悪徳領主の商品 その二
「ロバート殿、王都から我がファーゼスト領までは遠かったでしょう。旅の疲れはどうですか?」
魔道具の灯りに照らされた応接室で、私は一人の男性と向かい合って座っていた。
男の名はロバート=オオクラ=トヨトミ。
王都で政治に携わる法衣貴族の一人だ。
トヨトミの姓が示す通り、宰相のジョシュア閣下の親戚で、ミドルネームのオオクラは、彼が財務関係の上級貴族である事を示す。
「普段王都に引き込もっているので、長旅は久し振りで堪えましたが、先程頂いた夕食でそれも吹き飛んでしまいましたよ」
「それは良かった。ちょうど先日、一流の料理人のレシピを手に入れる機会がありましてね、今日はそれを振る舞わさせて頂きました。」
オオクラの名を正式に継いでいるのであれば、彼にはかなりの裁量権があり、更に財務を担当しているとなれば、仲良くするに越した事はない。

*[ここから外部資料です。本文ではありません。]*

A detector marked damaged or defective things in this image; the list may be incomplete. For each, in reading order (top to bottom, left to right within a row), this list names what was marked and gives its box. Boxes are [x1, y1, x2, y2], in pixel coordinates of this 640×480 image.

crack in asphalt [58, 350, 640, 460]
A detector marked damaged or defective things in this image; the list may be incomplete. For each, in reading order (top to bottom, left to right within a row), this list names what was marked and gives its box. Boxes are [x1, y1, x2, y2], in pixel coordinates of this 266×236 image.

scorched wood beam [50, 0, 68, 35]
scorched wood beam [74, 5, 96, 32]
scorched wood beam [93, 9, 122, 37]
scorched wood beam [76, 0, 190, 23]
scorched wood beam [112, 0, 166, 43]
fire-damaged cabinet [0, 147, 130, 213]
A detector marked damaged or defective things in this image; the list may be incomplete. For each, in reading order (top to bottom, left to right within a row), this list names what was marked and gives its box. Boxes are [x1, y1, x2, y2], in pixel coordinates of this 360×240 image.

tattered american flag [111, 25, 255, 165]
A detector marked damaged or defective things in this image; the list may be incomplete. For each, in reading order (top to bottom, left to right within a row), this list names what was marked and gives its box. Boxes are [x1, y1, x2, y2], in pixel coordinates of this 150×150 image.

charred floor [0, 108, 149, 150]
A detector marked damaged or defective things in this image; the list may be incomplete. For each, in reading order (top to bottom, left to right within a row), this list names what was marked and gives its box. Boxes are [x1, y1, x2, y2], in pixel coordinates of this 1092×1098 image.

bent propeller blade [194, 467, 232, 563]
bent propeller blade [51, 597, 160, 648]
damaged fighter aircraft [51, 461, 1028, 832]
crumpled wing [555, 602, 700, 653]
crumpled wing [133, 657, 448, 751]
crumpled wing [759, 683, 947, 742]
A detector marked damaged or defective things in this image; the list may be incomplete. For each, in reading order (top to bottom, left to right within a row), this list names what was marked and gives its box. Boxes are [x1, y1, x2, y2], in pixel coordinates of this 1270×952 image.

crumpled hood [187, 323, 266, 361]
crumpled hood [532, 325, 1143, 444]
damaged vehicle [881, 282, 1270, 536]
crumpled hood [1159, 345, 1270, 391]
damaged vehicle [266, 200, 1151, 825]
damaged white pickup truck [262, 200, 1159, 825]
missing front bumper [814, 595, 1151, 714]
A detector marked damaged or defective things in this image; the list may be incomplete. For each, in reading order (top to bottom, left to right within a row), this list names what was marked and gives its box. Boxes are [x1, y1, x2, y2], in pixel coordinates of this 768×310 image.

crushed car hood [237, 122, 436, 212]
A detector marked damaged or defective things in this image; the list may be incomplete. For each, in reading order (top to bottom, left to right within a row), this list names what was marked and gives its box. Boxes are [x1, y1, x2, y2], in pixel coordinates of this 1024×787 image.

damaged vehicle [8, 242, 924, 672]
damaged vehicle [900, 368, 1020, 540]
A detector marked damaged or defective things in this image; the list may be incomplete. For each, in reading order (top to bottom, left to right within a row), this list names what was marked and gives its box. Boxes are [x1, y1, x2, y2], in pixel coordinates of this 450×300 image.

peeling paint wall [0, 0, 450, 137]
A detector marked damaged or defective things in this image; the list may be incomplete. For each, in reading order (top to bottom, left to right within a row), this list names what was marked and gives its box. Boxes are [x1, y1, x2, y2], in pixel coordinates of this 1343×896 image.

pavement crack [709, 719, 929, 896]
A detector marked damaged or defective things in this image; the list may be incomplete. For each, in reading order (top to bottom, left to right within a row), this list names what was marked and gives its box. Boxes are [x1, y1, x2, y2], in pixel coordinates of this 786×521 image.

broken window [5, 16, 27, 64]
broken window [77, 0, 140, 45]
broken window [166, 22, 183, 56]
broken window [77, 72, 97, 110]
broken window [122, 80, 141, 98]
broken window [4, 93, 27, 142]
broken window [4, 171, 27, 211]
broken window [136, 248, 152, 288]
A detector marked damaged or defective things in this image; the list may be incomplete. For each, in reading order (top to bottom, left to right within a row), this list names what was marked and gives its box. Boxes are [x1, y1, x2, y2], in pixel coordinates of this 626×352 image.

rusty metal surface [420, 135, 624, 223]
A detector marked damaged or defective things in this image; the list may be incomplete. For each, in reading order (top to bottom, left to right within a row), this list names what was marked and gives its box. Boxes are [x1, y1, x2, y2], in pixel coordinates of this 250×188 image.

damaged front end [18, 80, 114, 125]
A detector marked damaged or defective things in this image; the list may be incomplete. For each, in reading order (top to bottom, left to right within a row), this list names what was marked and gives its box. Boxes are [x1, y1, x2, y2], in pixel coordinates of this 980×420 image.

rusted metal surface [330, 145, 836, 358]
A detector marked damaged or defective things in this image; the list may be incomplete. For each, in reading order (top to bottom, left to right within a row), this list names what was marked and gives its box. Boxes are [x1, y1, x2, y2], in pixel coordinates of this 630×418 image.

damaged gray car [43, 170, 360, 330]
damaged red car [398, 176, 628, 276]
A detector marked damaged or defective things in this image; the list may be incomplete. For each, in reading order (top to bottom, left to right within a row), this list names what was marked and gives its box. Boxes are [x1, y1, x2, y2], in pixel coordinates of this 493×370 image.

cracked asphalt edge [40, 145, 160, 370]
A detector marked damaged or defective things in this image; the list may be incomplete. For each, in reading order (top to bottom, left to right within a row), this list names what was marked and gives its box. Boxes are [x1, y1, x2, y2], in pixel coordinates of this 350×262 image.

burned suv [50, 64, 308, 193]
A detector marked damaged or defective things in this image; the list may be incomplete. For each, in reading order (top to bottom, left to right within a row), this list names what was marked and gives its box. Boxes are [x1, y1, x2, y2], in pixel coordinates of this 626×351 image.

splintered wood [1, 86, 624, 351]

「何とレシピをですか。あれ程の料理のレシピです、手に入れるのに、さぞかし苦労したのでは?」
多少問題はあったものの、料理を食べただけで手に入れたレシピだ。
それでロバート殿の関心が得られたのだから、トニーには本当に感謝せねば。
「いえ、それ程でもありませんよ。たまたまその料理人と縁があっただけで、それ程の苦労はございません。そうだ、もし良ければレシピをお持ち帰りになりませんか?」
「なんと、よろしいのですか?」
フハハ、あんな物で良ければいくらでも持って帰って結構だ。
レシピなんぞ、次から次へと生まれて来るのだから問題はない。
むしろ、率先してレシピを広めて欲しいぐらいだ。
「ええ、王都から遠路遥々ファーゼスト領へやって来たのですから、是非お土産にお持ち帰り下さい」
王都でレシピが広まれば、それだけレシピを作った料理人の価値が上がる。
だが、料理人は既に我がファーゼスト家が囲っており、新しいレシピは誰も手に入れられない。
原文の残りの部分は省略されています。